Block Size (Bytes) Long The default data block size. If empty, the server default is used, and only used during file creation.
Configuration Files String The HDFS configuration files to use when connecting to the HDFS file system. For example, use the standard file, core-defaults.xml.

Concurrency Tab

Use the Concurrency tab to specify parallel regions for this instance of this component, or multiplicity options, or both. The Concurrency tab settings are described in Concurrency Options, and dispatch styles are described in Dispatch Styles.

Caution

Concurrency settings are not suitable for every application, and using these settings requires a thorough analysis of your application. For details, see Execution Order and Concurrency, which includes important guidelines for using the concurrency options.

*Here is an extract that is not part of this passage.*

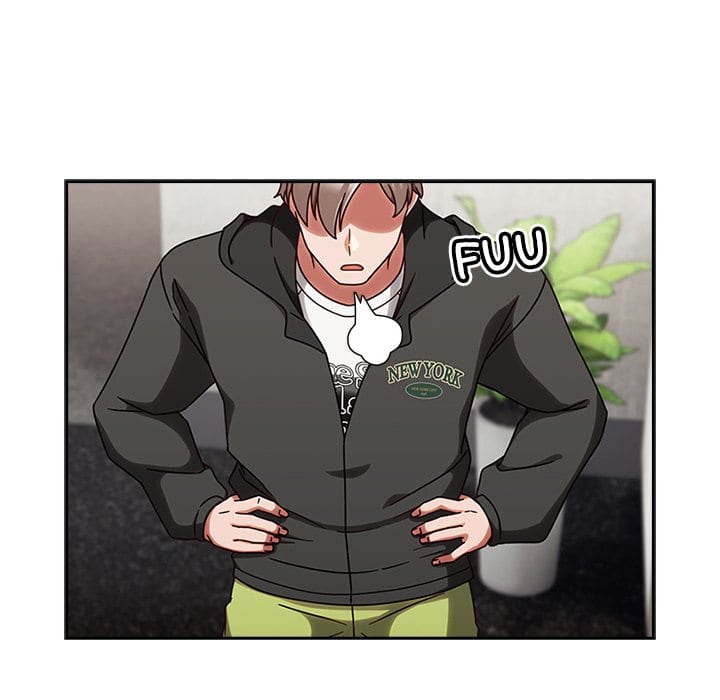 Ground and Pound Uncensored, chapter 1, page 140 of 283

Typechecking and Error Handling

Typechecking fails in the following circumstances:

  • The File Name is null or zero length string.

  • The Flush Interval is less than zero.

  • The Max File Size is less than zero.

Connecting to the Amazon S3 File System

The HDFS Adapters can connect to and work with the Amazon S3 file system using the s3a://{bucket}/yourfile.txt URI style.

In order for the HDFS adapters to be able to access the Amazon S3 file system, you must also supply S3 authentication information via a configuration file or one of the other supported ways described here: Authenticating with S3.

The HDFS S3 sample gives an example of using a configuration file with the access key and secret key supplied.

Suspend and Resume Behavior

On suspend, this adapter stops processing tuples and closes the current file.

On resumption, it reopens a new output file named according to the file name rollover logic described for the File Name parameter above, and resumes processing tuples. That is, if the output file is named output.bin, on resumption, the new output file is named output.bin.000000, then output.bin.000001, and so on.